Mecanismo de acción: el celecoxib es un inhibidor no competitivo de la enzima ciclooxigenasa-2 (COX-2) a diferencia de los AINES convencionales que son inhibidores de la COX-1 y COX-2. Estas enzimas catalizan la conversión del ácido araquidónico a prostaglandina H2 y a tromboxanos. La COX-2 es importante en la síntesis de sustancias que participan como mediadoras en la inflamación y el dolor, mientras que la COX-1 produce prostaglandinas que son beneficiosas para las funciones gástrica y renal.
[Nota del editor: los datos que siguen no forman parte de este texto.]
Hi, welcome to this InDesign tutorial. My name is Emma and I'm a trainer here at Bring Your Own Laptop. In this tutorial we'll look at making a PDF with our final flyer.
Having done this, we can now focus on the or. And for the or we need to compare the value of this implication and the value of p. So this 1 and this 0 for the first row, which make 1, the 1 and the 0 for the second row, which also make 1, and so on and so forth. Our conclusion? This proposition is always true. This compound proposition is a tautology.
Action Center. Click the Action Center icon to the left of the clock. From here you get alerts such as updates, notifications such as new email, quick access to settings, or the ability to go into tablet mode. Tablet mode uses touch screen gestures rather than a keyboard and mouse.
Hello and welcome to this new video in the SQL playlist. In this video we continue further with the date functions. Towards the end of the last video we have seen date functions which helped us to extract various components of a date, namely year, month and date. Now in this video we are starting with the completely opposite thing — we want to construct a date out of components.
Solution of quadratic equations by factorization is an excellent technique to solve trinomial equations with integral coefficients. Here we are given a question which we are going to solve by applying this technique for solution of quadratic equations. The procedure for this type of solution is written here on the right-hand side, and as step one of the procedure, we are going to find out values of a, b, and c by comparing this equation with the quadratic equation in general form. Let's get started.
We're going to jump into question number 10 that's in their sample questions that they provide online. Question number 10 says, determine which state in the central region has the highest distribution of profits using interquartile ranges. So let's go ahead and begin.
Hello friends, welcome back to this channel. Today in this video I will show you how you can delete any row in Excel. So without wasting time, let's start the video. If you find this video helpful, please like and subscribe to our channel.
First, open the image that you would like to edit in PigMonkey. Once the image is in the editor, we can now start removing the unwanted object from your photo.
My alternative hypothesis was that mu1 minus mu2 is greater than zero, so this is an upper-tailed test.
Sin embargo, como la COX-2 se expresa en los riñones y los inhibidores selectivos de esta enzima muestran los mismos efectos renales que los AINES convencionales, cabe preguntarse si los efectos renales de los anti-inflamatorios no esteroídicos convencionales son debidos a la inhibición de la COX-1 o, por el contrario, se deben a un mecanismo desconocido en el que participarían tanto la COX-1 como la COX-2. Los AINES no selectivos como el ibuprofen o el diclofenac inhiben los dos tipos de ciclooxigenasa siendo el celecoxib unas 100 veces más activo frente a la COX-2 que frente a la COX-1. A las concentraciones que se alcanzan en el plasma y en los órganos diana, el celecoxib no inhibe la COX-1 de forma significativa. Tampoco tiene ningún efecto sobre la agregación plaquetaria. La expresión de la COX-2 es inducida por varias citokinas y factores de crecimiento en los tejidos inflamados y también aparece muy aumentada en el cáncer colorectal. Además, se ha observado una correlación entre la expresión de esta enzima y la malignidad de este tipo de cáncer. Estudios in vitro han puesto de manifiesto que los inhibidores de la COX-2, sean selectivos o no, tienen una actividad preventiva sobre el cáncer de colon.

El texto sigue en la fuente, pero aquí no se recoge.